▶ _Aim of the exercise_:
The expected answer is the set of lines in the data below between the line holding "Link to Video" and the line holding "Unidades Surtidas DKD", inclusive, written out exactly.

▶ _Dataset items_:
"""

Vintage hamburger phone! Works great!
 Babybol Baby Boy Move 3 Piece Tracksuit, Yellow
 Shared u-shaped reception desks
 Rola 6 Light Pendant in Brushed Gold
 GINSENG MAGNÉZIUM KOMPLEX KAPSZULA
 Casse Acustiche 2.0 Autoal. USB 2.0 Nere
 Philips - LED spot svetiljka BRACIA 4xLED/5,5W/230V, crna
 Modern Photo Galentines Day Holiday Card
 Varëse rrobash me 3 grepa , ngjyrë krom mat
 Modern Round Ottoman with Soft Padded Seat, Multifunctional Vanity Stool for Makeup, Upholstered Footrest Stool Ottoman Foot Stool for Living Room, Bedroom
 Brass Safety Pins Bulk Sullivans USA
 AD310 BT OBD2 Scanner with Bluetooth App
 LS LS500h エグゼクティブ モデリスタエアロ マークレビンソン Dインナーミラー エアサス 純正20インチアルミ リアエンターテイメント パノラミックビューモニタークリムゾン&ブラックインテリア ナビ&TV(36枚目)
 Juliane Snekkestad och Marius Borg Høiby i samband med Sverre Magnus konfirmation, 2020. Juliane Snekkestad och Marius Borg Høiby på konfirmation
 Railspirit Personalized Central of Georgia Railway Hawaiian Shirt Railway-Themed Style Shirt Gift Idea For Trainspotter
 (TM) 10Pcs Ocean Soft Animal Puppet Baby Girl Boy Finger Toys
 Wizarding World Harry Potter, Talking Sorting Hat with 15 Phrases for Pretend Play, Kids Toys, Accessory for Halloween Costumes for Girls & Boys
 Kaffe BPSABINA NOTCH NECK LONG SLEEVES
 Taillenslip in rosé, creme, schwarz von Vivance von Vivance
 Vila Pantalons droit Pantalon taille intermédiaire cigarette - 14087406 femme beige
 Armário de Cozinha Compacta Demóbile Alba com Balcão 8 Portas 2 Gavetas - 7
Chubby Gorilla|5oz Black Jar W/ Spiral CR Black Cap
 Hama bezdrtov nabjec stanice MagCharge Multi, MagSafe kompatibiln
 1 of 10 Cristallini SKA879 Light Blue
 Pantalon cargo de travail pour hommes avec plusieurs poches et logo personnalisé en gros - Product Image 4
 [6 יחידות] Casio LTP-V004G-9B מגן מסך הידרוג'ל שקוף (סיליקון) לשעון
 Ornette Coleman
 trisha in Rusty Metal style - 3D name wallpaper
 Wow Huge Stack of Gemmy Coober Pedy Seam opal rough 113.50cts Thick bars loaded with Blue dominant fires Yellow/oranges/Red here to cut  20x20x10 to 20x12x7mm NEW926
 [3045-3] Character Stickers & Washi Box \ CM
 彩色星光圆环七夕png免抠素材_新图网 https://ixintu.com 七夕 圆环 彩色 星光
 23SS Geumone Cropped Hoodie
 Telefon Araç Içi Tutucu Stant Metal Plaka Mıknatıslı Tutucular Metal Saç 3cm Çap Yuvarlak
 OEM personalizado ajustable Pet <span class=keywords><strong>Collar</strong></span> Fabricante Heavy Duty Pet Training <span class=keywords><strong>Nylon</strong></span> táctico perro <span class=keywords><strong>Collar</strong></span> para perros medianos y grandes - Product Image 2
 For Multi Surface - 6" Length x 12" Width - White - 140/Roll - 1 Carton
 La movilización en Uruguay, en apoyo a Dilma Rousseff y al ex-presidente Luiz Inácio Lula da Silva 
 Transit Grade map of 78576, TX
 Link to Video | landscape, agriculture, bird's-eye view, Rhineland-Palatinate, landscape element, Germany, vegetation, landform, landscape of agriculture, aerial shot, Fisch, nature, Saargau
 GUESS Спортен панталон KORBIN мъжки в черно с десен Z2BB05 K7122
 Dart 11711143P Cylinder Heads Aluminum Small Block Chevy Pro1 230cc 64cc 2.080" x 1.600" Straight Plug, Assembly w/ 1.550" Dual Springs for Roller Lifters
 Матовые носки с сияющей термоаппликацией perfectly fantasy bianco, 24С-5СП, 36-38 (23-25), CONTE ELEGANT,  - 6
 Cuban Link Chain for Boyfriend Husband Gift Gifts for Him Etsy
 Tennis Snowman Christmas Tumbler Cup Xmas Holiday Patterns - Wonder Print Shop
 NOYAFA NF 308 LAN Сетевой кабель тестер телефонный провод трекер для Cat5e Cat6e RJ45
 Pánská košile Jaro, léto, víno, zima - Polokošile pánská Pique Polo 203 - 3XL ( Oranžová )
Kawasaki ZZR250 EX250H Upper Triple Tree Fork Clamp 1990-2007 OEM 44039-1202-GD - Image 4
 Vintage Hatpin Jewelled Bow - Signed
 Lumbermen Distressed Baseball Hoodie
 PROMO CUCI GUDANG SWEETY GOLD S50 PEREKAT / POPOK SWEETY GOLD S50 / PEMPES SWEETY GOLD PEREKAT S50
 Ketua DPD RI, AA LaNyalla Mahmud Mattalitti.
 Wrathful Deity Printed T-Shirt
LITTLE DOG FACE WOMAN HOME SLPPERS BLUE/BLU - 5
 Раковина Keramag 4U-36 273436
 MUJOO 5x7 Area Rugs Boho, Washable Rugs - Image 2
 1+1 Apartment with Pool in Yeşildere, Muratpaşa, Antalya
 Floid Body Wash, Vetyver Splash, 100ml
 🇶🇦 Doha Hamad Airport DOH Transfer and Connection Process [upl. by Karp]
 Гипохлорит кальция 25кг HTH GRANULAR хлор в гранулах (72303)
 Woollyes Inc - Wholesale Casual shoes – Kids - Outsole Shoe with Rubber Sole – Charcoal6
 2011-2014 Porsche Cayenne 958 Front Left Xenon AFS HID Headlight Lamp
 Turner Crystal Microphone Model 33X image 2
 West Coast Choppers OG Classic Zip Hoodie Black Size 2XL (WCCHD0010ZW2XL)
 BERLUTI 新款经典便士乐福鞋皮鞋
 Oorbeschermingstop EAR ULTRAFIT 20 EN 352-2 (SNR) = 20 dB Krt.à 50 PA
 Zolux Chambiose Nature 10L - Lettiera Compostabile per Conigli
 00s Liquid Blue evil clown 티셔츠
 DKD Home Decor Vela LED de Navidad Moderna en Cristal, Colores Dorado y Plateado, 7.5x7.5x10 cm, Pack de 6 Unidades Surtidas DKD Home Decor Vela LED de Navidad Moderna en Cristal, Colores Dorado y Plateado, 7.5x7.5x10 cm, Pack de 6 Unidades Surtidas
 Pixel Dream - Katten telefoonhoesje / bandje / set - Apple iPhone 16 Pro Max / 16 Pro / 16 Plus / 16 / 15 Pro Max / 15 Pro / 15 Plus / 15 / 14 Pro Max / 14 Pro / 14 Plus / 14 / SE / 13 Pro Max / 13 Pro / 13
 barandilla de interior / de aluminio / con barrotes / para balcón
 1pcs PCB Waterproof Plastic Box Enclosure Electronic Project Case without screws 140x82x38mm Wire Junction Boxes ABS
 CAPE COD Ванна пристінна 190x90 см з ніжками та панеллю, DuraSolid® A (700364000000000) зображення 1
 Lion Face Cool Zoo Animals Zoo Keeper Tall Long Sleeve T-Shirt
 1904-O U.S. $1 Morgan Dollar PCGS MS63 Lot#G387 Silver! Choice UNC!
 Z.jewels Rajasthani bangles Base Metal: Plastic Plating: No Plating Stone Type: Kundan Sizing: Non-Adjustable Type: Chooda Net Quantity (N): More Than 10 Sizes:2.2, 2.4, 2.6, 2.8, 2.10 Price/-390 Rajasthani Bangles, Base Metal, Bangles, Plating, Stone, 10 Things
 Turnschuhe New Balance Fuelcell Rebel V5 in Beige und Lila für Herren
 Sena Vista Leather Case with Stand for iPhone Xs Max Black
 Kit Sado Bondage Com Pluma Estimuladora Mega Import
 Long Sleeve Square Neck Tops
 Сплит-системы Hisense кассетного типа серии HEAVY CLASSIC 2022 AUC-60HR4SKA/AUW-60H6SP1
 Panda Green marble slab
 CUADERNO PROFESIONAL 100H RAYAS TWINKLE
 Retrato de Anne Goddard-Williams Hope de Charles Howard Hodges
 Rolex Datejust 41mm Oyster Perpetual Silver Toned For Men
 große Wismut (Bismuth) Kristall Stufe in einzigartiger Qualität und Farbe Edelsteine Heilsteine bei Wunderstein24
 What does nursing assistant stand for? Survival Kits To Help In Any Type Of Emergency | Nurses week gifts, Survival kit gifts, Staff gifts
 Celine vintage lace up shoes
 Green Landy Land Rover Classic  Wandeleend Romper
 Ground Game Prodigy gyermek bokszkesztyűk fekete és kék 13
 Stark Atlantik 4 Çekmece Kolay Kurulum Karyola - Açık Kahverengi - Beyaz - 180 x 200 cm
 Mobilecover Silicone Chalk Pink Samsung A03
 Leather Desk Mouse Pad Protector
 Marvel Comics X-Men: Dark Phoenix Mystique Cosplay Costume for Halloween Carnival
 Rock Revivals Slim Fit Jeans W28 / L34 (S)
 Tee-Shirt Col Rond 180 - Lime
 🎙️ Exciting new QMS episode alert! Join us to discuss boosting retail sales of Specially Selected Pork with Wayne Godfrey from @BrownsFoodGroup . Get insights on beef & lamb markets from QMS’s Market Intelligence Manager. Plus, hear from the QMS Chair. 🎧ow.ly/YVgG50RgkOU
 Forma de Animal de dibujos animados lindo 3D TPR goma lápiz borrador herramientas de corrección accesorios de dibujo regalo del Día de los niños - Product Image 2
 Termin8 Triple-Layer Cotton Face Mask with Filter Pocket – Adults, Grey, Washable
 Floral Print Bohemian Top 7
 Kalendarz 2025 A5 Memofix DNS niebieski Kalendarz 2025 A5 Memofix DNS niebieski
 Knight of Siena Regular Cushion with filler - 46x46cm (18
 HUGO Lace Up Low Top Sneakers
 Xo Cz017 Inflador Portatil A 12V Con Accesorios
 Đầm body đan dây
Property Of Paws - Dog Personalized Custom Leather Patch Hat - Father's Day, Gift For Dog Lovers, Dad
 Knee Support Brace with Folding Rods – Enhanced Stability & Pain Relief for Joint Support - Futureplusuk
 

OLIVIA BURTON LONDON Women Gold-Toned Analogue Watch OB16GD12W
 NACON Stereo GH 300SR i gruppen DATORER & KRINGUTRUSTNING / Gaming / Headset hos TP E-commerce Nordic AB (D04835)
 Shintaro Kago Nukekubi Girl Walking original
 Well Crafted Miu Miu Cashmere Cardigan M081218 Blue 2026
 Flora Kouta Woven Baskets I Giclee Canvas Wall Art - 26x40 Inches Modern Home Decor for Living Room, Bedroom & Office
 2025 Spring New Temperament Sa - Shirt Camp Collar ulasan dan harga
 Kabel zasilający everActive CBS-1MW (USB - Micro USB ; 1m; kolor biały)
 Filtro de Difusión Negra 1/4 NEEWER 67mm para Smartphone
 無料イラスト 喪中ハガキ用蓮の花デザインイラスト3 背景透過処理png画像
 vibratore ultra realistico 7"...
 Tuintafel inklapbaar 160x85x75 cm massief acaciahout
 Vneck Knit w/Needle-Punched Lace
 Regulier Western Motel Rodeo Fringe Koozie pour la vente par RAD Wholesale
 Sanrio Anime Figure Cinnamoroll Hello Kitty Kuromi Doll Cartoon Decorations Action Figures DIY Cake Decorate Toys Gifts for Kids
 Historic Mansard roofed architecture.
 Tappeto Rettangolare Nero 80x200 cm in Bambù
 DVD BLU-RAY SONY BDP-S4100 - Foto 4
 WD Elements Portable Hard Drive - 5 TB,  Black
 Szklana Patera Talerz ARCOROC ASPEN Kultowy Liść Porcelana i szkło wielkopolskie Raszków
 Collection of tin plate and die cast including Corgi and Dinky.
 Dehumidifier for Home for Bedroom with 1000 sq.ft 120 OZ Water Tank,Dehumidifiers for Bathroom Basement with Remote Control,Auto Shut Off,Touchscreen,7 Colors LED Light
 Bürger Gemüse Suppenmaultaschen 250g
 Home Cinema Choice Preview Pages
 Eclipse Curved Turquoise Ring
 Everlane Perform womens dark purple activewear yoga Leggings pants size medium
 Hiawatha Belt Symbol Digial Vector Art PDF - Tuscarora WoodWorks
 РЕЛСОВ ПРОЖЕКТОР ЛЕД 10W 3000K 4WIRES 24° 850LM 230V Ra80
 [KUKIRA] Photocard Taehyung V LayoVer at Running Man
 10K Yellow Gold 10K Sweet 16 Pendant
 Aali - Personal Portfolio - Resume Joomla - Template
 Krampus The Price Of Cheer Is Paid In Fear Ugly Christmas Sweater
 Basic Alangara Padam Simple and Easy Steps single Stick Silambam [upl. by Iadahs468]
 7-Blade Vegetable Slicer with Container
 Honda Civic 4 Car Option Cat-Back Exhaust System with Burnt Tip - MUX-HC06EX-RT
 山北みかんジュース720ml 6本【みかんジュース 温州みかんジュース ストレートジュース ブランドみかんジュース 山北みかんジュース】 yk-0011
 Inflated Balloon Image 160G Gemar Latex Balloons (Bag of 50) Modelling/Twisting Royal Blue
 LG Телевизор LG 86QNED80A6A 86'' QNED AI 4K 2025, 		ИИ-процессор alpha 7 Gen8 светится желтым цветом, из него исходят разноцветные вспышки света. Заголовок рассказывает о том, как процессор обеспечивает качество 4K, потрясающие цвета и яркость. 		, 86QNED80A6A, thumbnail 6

"""

▶ _Reply to the task_:
 Link to Video | landscape, agriculture, bird's-eye view, Rhineland-Palatinate, landscape element, Germany, vegetation, landform, landscape of agriculture, aerial shot, Fisch, nature, Saargau
 GUESS Спортен панталон KORBIN мъжки в черно с десен Z2BB05 K7122
 Dart 11711143P Cylinder Heads Aluminum Small Block Chevy Pro1 230cc 64cc 2.080" x 1.600" Straight Plug, Assembly w/ 1.550" Dual Springs for Roller Lifters
 Матовые носки с сияющей термоаппликацией perfectly fantasy bianco, 24С-5СП, 36-38 (23-25), CONTE ELEGANT,  - 6
 Cuban Link Chain for Boyfriend Husband Gift Gifts for Him Etsy
 Tennis Snowman Christmas Tumbler Cup Xmas Holiday Patterns - Wonder Print Shop
 NOYAFA NF 308 LAN Сетевой кабель тестер телефонный провод трекер для Cat5e Cat6e RJ45
 Pánská košile Jaro, léto, víno, zima - Polokošile pánská Pique Polo 203 - 3XL ( Oranžová )
Kawasaki ZZR250 EX250H Upper Triple Tree Fork Clamp 1990-2007 OEM 44039-1202-GD - Image 4
 Vintage Hatpin Jewelled Bow - Signed
 Lumbermen Distressed Baseball Hoodie
 PROMO CUCI GUDANG SWEETY GOLD S50 PEREKAT / POPOK SWEETY GOLD S50 / PEMPES SWEETY GOLD PEREKAT S50
 Ketua DPD RI, AA LaNyalla Mahmud Mattalitti.
 Wrathful Deity Printed T-Shirt
LITTLE DOG FACE WOMAN HOME SLPPERS BLUE/BLU - 5
 Раковина Keramag 4U-36 273436
 MUJOO 5x7 Area Rugs Boho, Washable Rugs - Image 2
 1+1 Apartment with Pool in Yeşildere, Muratpaşa, Antalya
 Floid Body Wash, Vetyver Splash, 100ml
 🇶🇦 Doha Hamad Airport DOH Transfer and Connection Process [upl. by Karp]
 Гипохлорит кальция 25кг HTH GRANULAR хлор в гранулах (72303)
 Woollyes Inc - Wholesale Casual shoes – Kids - Outsole Shoe with Rubber Sole – Charcoal6
 2011-2014 Porsche Cayenne 958 Front Left Xenon AFS HID Headlight Lamp
 Turner Crystal Microphone Model 33X image 2
 West Coast Choppers OG Classic Zip Hoodie Black Size 2XL (WCCHD0010ZW2XL)
 BERLUTI 新款经典便士乐福鞋皮鞋
 Oorbeschermingstop EAR ULTRAFIT 20 EN 352-2 (SNR) = 20 dB Krt.à 50 PA
 Zolux Chambiose Nature 10L - Lettiera Compostabile per Conigli
 00s Liquid Blue evil clown 티셔츠
 DKD Home Decor Vela LED de Navidad Moderna en Cristal, Colores Dorado y Plateado, 7.5x7.5x10 cm, Pack de 6 Unidades Surtidas DKD Home Decor Vela LED de Navidad Moderna en Cristal, Colores Dorado y Plateado, 7.5x7.5x10 cm, Pack de 6 Unidades Surtidas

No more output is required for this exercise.